Dining – Toddler Style

by Jo-Ann Heslin, MA, RD, CDN on April 17, 2014 · 0 comments

Your toddler is a bundle of contradictions and a powerhouse of energy. He explores everything, but he won’t try new foods. She’s interested in food, but would rather play with it than eat it. He drinks from a cup but spills as much as gets into his mouth. She loves beans today, but won’t go near them tomorrow. Help! Is this normal?

 Not only is this normal but all children go through certain universal eating stages. Most toddlers’ eating habits are unpredictable and frustrating. Between the ages of 1 and 3, eating becomes part of a child’s overall learning experiences.

 When a toddler eats, he sees, touches, feels, smells – and finally may put the food in his mouth. Peas roll, juice splashes, spaghetti wiggles, and crackers crumble. Though messy, these textural experiences are a necessary part of a child’s normal development. This is a time when children in all cultures learn what food is and what is considered edible, poisonous, neutral, taboo, appropriate and desirable.

 Toddlers are unable to categorize food according to their nutritional needs. Instead they classify foods into groups like sweet, not sweet, good, and bad. if they like it, it’s “yummy!” If they don’t, it’s sure to be declared, “yucky.” As children grow, this categorization becomes more elaborate but stays grounded in like and dislikes. Many things trigger a child’s feelings about food: color, appearance, texture, smell, and how it feels in the mouth.

 Food fussiness is a natural part of child development. It comes at the time when a child learns to say no, which is the beginning of their development into a separate, independent person. Bizarre meals and food rituals are common. Demanding a special plate or a certain juice or refusing to use a spoon is a way children exercise self-control in their struggle toward independence.

 Food jags are common. The easiest way to handle them is to go along with the jag, within reason. If your child loves cottage cheese, let her have it every day for lunch. Give her a spoonful at breakfast and dinner along with a small serving of other foods. At first she may eat nothing but the cottage cheese. This is a stubborn age, so compromise does not come easily. After a few meals, most toddlers will eat some of the regular meal along with their favorite food. One day, much to the parent’s surprise, this same child is likely to declare she hates cottage cheese and wants peanut butter.

 Toddlers grow more slowly. A baby grows an average of 10 inches and triples their weight in the first year. Between 1 and 3, a child only 6 inches and gains about 9 pounds. Once you understand that growth has slowed it is normal that less food is needed.

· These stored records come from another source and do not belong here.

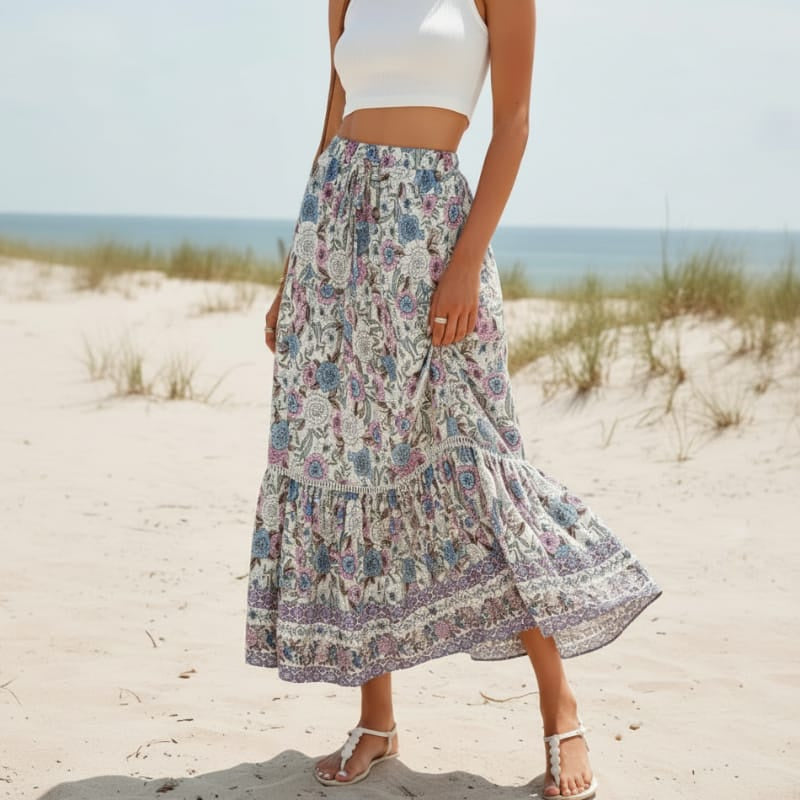 Women's High Waisted Floral Maxi Skirt With Lace-Up Waist - Off White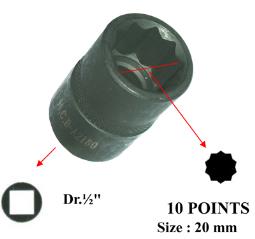 NASADKA 1/2", 10-kąt, 20mm, DŁ. 38mm DO TYLNEGO WAHACZA (HONDA CR-V) H.C.B HCBA2180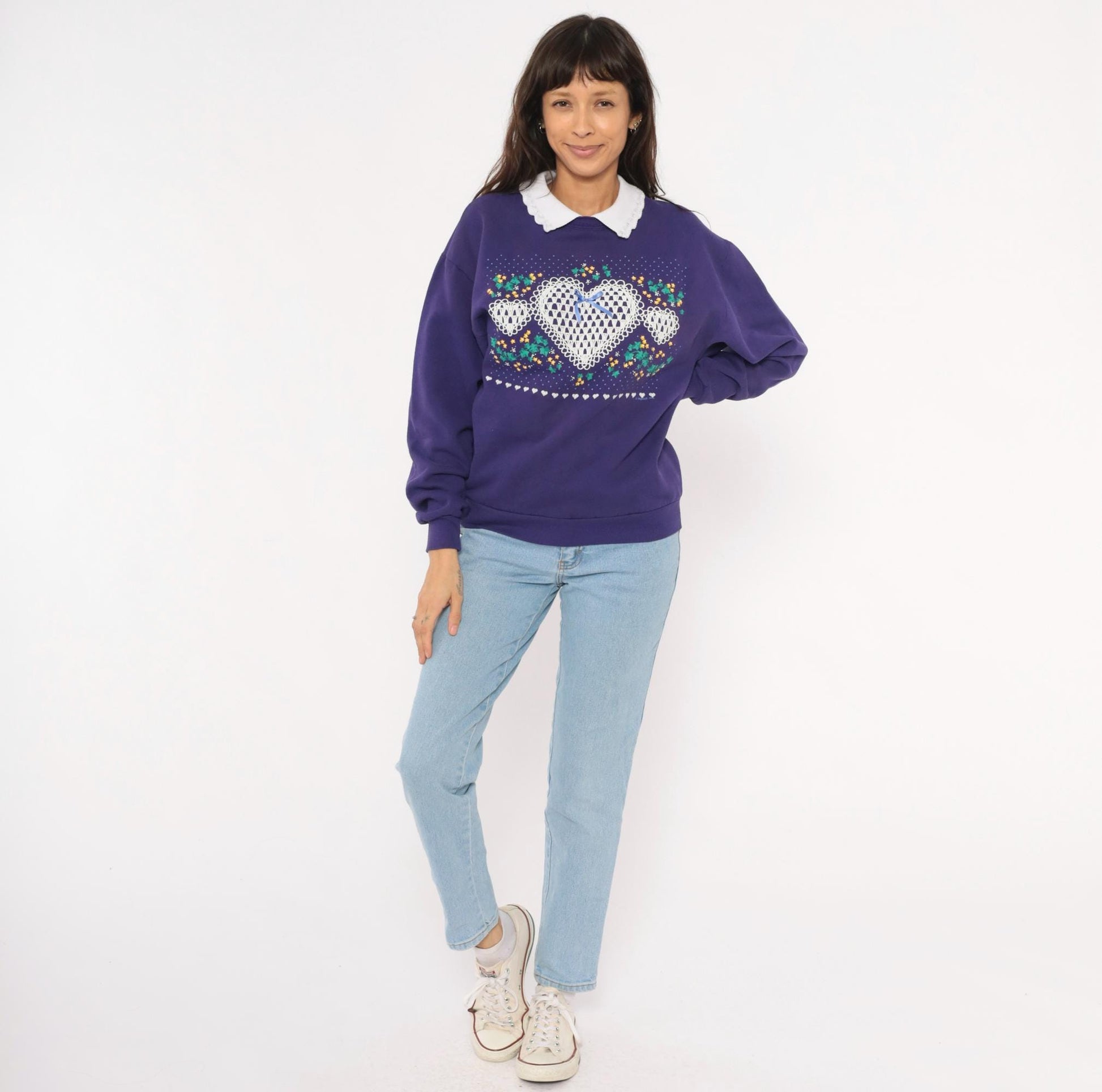 90s PegiGoff Purple Sweatshirt Peter Pan Collar Lace Heart Floral Medium M
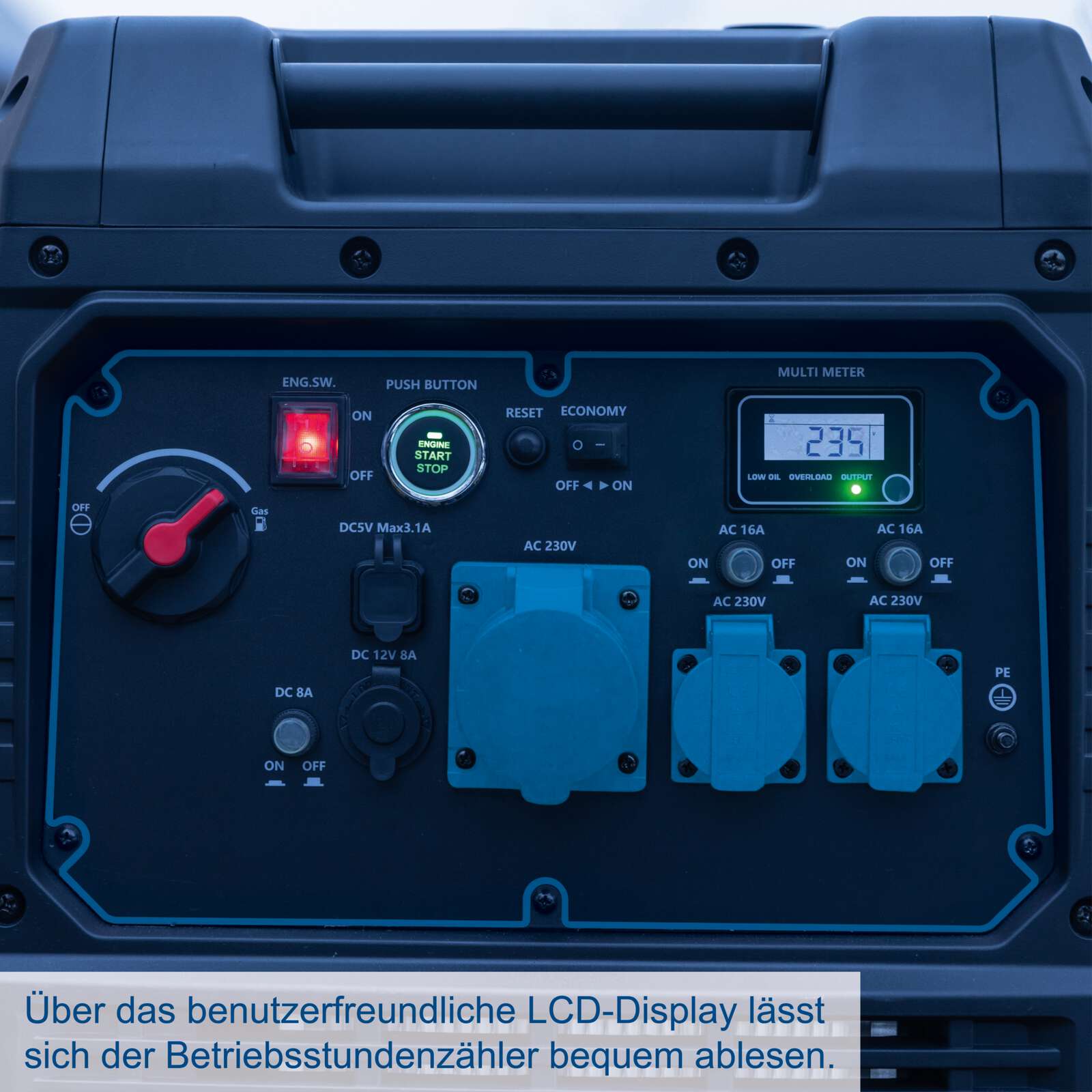 Inverter Benzin Stromerzeuger SG7000i Scheppach - 6200W | 9,2PS | 2x230V 16A | 1x 230V 32A | 12V DC & USB | Generator mit Griff & Fahrvorrichtung Bild 2
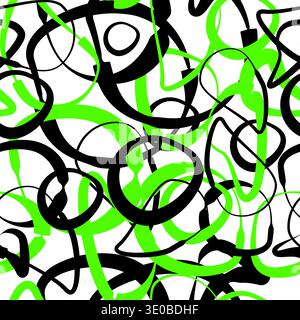 Hand Drawn Wavy Circles. Seamless background of green and black deformed rings. Not AI, vector illustration. Stock Vector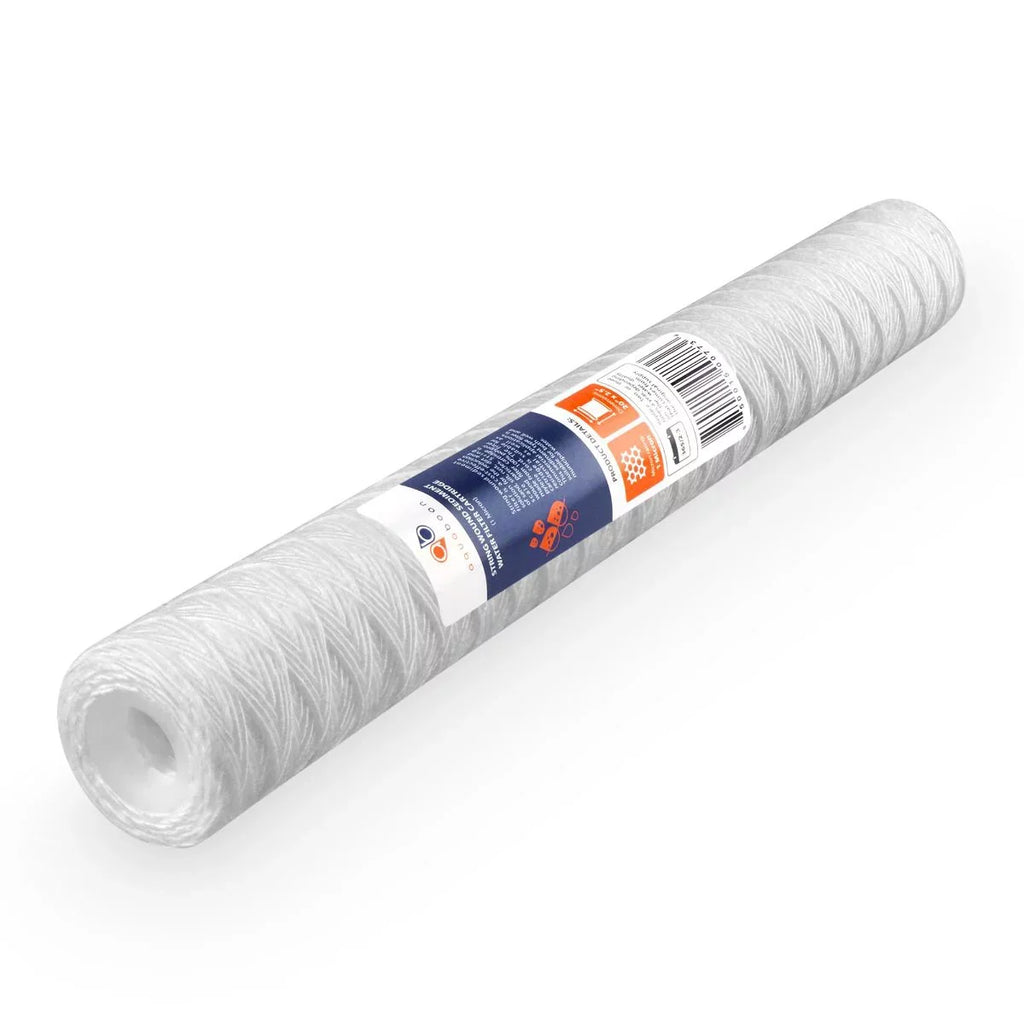 Aquaboon 1 Micron 20" x 2.5" String Wound Sediment Water Filter Cartridge | Universal Replacement for Any 20 inch RO Unit | Suitable with 101-230, PD-5-20, AP110-2C, P5-20, CFS124-C20, 4-Pack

 Keep portions “toddler-sized.” It is always better to let your child ask for more. Larger portions can encourage a small child to eat too much, overriding the natural feeling of fullness and setting the stage for overeating for a long time to come. A half cup of juice or milk, a slice of cheese, half slice of bread or a quarter cup of fruit or vegetables are all toddler-sized.

 Parents who try the hardest to get their toddlers to eat right end up with the pickiest eaters. Children model their parents eating habits in the long run, though they may exhibit few of them during this early, contrary state. The best advice: Stay calm, hold on to your sense of humor, and remember this too shall pass.